I have been unbelievably blessed this week.

I try to avoid declaring my precarious financial situation as best as possible- I don’t find it overly gracious to complain too loudly that I can’t afford to pay my electricity bill but still be putting my kids in to private school. Well, without the help of my parents, my kids would most definately be in public school. A lot hides behind the surface of many families- they all have their own financial burdens and are struggling to make ends meet. Therefore I am not overly fond of asking for help, as I see it as a sign that I have, well, fucked up somewhere or am living beyond my means.

However, after talking with my psych and family I have come to the realisation that the fact that we can’t make our loan repayments isn’t my fault. We haven’t splurged on anything in the last 6 months, we still drive our shitbox car with the broken bumper, no aerial and no airconditioning. I have taken up baking to provide our kids with snacks in lieu of having packaged lunchbox treats in the cupboard. We survived on $3 a kilo sausages for weeks. I am trying my best, but it just wasn’t good enough. And that is hard to accept.

Hubby and I moved to the city to increase our job prospects and earning potential. It was great for over a year. But then he lost overtime privileges. And now my hours are dwindling to half of what I was on 6 months ago. Our weekly income has dropped by over $500 through no fault of our own. I need to remind myself that. Its not my fault. I am doing my best.
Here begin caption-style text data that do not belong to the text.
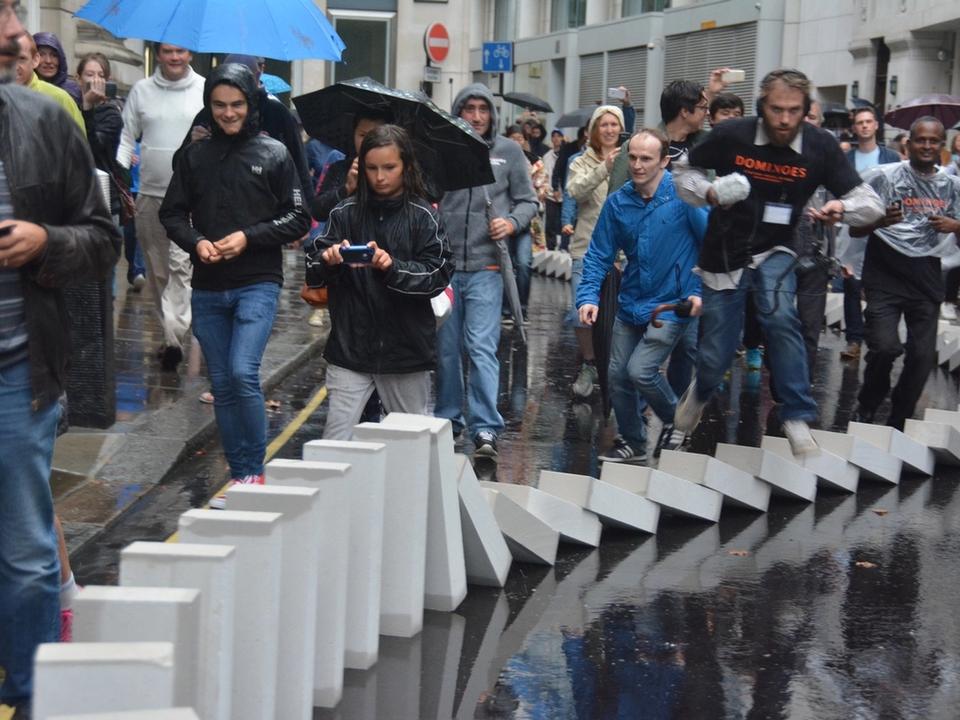People watching the white-block display fall along the pavement.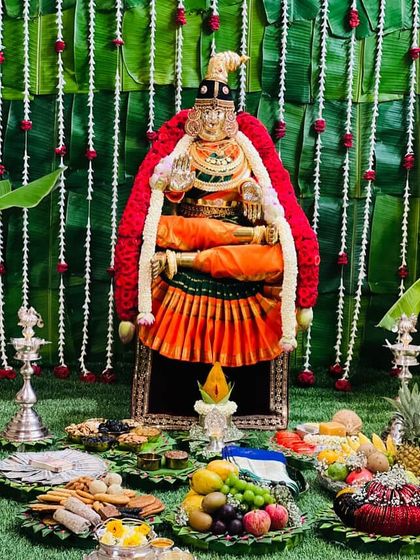 A wide view of the pooja setup on a bed of green, with the Goddess in her bright orange and green saree as the focal point.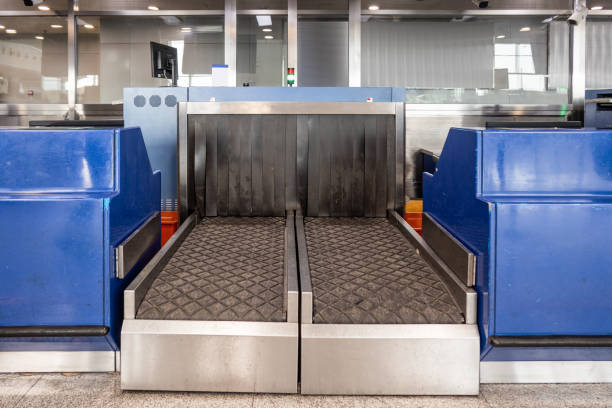 istock Luggage x-ray scanner conveyor belt of security at immigration checkpoint 1086544780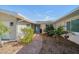 Inviting entrance with brick walkway and lush landscaping leading to a charming blue front door at 4544 Harbor Hills Dr, Largo, FL 33770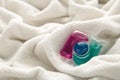 Washing gel capsule pods with laundry detergent on a pile of white cloth background, Capsule with laundry detergent on white Royalty Free Stock Photo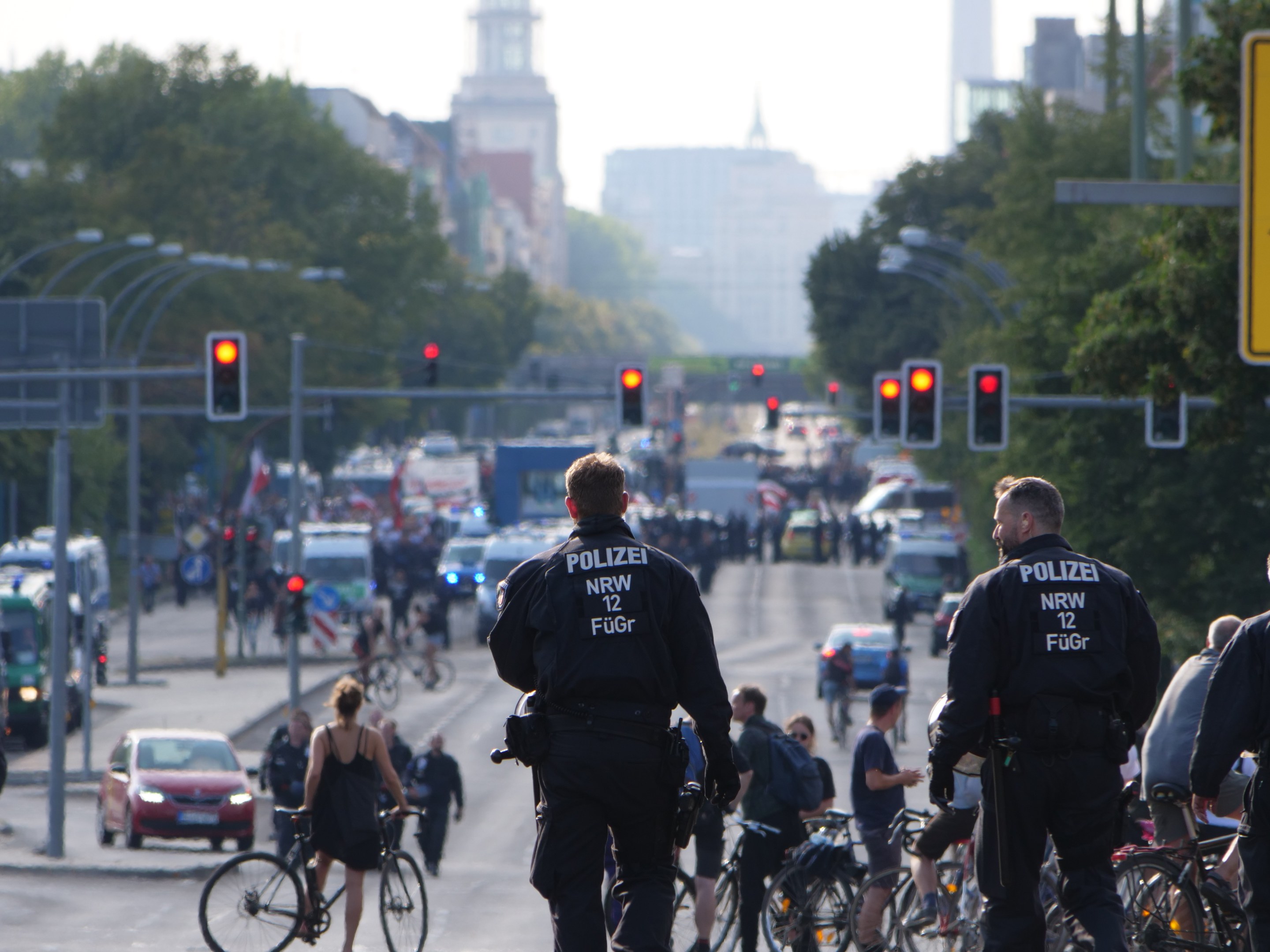 Polizeibeamte fahren mit Fahrrädern eine straße mit Bäumen und einem klaren blauen Himmel im Hintergrund entlang.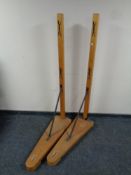 A pair of mid century wooden badminton net stands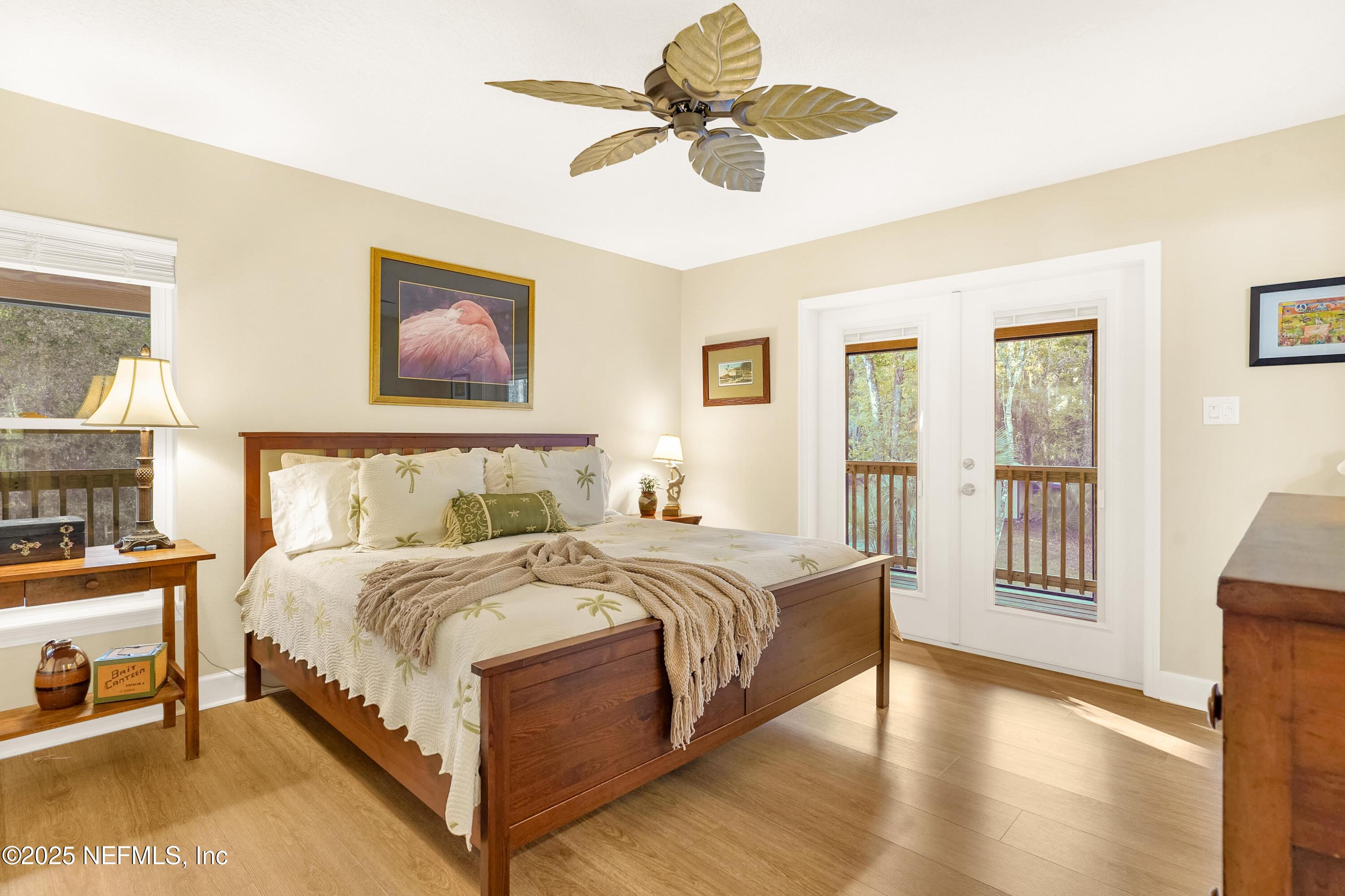 122 Drayton Island Road Georgetown, FL 32139 - Photo 32 of 58 a bedroom with a bed chandelier and a window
I am used to being the one that helps. I offer to pick people up and drive them home at stupid oçlock when they have been drinking. I pick people up from the airport at 4am. I take baking and treats to work to share and did a food shop for a friend when she was struggling financially. As much as I love helping and would do anything for anyone (ask my husband, it’s a frustrating trait of mine for him to accept!) I don’t do it for recognition or reward. I do it cos I love it and like helping people. So why is it so hard to ask for and accept help when it is offered?

Over the weekend I was stunned when my visiting parents and grandparents generously provided us financial help to pay our upcoming expenses. It was beyond what we needed and I sobbed when I thanked them. I hate feeling like I am failing and need bailing out, but I knew they were doing it for the same reasons I would do it for anyone else if I was able to do so.

On Monday morning I was left a very, very generous random act of kindness from a very beautiful friend of mine, which was very unexpected and left me sobbing for nearly an hour. I didn’t feel like I deserved it- I don’t do it much tougher than other families. But this gift, although he said it ‘wasn’t much’, changed my whole family’s week.

I had a total of $90 to do the shopping with this week. We had one roll of toilet paper- which between two toilets resulted in “Kids! Bring mummy the toilet paper from the downstairs toilet up here please!!” being yelled quite often. We had four empty tubes of toothpaste that we had squeezed every ounce out of for the past week, and we were blowing our noses with whatever we could get our hands on. We only had apples for fruit and my husband had started eating our kids gluten free baking for lunch as he had no chips or museli bars. It was pretty dire. I hate to admit it and I never would have before to avoid being offered money to help. I wouldn’t have accepted.

However, after these amazing gestures (also one from the MIL, as a ‘treat’ to hubby and I) we were able to completely stock our cupboard, fridge and bathroom again this week. My trolley was so full I looked like I was feeding an army. Words still failed to describe how helpful these beautiful people had been that I had to do it with photos of my bare pantry and overflowing trolley. I still feel like no thanks will ever be enough, and will be forever grateful.

The one issue I am struggling with is that although my depression was in most part due to financial issues, it hurts me that even with our more promising situation now that I feel no different mentally. I still feel like the depressed girl struggling to pay her bills, stressed about how to disperse the money in the best way and keep everything on track in the coming months. However, I know I need to pull back and say “Right, things are ok today, things will be ok this week. That’s good enough for now.” Next weeks worries can wait until next week. I know my head will get better, but for now, one day at a time. And I need to learn how to graciously accept help when it is offered.

We are having roast pork for dinner tonight. I didn’t buy any sausages this week. My heart even skipped a beat as I typed that.